Because it’s not just a challenge accessing aid. Other types of homeowners also have more options when they’re ready to start moving on.
Stephanie Smith, hazard mitigation officer for Vermont Emergency Management, said buyouts were a key tool when it came to single-family homes after Irene. In those cases, the typical model was to pay 75% of the value of a property, an amount that was often significantly higher than the maximum FEMA payout, and gave the homeowner funds towards purchasing a new property. But this approach wasn’t feasible for manufactured homeowners, Smith told me. While many single-family homes appreciate in value over time, Smith said the value of a manufactured home often diminishes over time due to age and wear. And unlike single-family homes, in which the entire property goes into the valuation, manufactured home owners typically own just the structure they live in, paying rent on the actual land beneath it to a landlord.

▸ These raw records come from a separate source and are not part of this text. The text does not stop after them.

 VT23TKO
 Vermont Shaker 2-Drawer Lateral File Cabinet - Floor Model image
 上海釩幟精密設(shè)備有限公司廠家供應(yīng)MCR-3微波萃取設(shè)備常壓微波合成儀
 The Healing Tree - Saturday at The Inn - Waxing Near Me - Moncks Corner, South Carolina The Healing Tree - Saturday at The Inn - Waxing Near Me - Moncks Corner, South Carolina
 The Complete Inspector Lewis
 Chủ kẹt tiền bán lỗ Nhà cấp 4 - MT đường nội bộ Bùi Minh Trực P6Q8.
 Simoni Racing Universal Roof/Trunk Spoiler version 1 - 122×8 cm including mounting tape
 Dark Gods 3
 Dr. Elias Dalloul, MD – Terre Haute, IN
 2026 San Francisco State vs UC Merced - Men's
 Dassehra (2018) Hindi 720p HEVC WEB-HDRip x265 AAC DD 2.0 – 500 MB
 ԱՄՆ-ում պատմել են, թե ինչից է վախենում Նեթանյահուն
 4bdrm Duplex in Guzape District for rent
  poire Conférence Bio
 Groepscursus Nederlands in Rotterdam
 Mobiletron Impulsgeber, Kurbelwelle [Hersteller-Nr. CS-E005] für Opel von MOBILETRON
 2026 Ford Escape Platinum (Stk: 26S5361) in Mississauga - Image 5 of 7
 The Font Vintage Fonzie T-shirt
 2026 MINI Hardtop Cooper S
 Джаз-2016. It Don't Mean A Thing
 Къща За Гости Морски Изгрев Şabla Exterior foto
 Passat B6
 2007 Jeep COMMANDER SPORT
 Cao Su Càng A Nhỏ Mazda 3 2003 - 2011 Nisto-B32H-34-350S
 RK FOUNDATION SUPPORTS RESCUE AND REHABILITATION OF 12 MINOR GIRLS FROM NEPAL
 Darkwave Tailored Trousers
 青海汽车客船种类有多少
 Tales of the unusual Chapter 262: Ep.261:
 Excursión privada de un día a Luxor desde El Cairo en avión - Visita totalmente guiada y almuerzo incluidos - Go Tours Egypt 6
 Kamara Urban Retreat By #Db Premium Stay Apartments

So, based on just the value of that building, the payout these homeowners would receive would not be “anywhere near enough” to cover purchasing a new structure and paying lot rent, according to Smith.
Aging infrastructure is an issue in Tri-Park, from older homes to public offerings like the bridges and sewage systems, all of which can make the community more vulnerable to flooding. To address these compounding challenges, Tri-Park, where Johnson lives, developed a multimillion-dollar master plan with the input of government officials, residents, board members, and developers. It calls for funding infrastructure upgrades, including fixing up sewers and bridges over the brook, and proposes a new approach to buyouts. Instead of paying the 25 residents living in floodplains a percentage for their homes, Tri-Park will offer them new, eco-friendly manufactured homes located at a higher elevation within the same community.
The plan has multiple public and private supporters, including Smith’s department, which is providing the park with $2 million to purchase those new homes through the state’s Flood Resilient Communities Fund. At this point, both the plans and the funds to make this idea a reality are largely in place.
What’s still missing: Fewer than half of the minimum 25 households necessary to move forward have agreed to move. Residents have been hearing about the plan as a hypothetical for years while the board worked with partners and looked for capital. But board members and residents alike acknowledge there is a lot of skepticism around the plan’s promises. One challenge is that the new lots are expected to be smaller, and residents might not be able to have the same sort of layouts or amenities they currently enjoy.
To address these concerns, the Tri-Park board — which is open for residents to join — has hosted resident meetings and is offering a chance to tour models of the new types of homes they will be building. Which brings up another resiliency strategy more than a dozen parks have adopted since Irene: becoming resident-owned. Vermont law requires landowners of manufactured home parks to give notice to all lessees if they intend to sell the property, giving residents first dibs on purchasing the land. To do so, homeowners often opt to work with a nonprofit or establish a resident-owned cooperative, in which the residents become shareholders. Tri-Park is the largest of the 67 nonprofit or resident-owned manufactured home parks in the state, giving its residents an opportunity to have a voice in these larger park decisions.
Help from Cooperative Development Institute and Resident-Owned Communities has been a key part of this movement, local officials said. Julia Curry, who works for CDI in Vermont, says the biggest benefit in switching to a resident-owned model is security, as things like lot rent cannot be changed without resident input.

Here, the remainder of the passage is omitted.